Em comunicado enviado à B3 e à Comissão de Valores Mobiliários (CVM), a mineradora afirmou que “não há estudos em andamento ou decisões tomadas pela administração” envolvendo possíveis ofertas públicas de ações ou alterações na estrutura de capital da unidade.
A manifestação ocorreu após a B3 solicitar esclarecimentos à companhia sobre informações de que a Vale teria interrompido os planos para abertura de capital da VBM.
Segundo reportagem publicada pelo jornal canadense The Globe and Mail, a empresa teria deixado em segundo plano a possibilidade de IPO da subsidiária diante de pressões políticas relacionadas ao risco de o Brasil perder influência sobre ativos considerados estratégicos para a mineração.
A Vale afirmou ainda que mantém iniciativas operacionais e estratégicas destinadas a ampliar a competitividade e gerar valor para a Vale Base Metals.
Em junho, o CEO da subsidiária, Shaun Usmar, declarou à Bloomberg que a companhia trabalhava para estar preparada para um IPO até 2027, com possibilidade de antecipação do processo. Atualmente, a Vale controla 90% da VBM, enquanto os 10% restantes pertencem à Manara Minerals.

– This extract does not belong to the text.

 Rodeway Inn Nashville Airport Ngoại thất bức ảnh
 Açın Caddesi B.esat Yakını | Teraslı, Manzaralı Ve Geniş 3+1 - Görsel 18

Criada para concentrar os negócios de metais básicos da companhia, a Vale Base Metals atua principalmente na produção de níquel e cobre, minerais considerados essenciais para a transição energética e para o avanço de tecnologias de baixo carbono, como baterias e sistemas de eletrificação.
No Brasil, as operações da subsidiária estão concentradas no Pará. Entre os ativos está o complexo de Salobo, em Marabá, apontado pela empresa como a maior reserva mineral de cobre do país, com reservas estimadas em 1,15 bilhão de toneladas métricas de minério de cobre.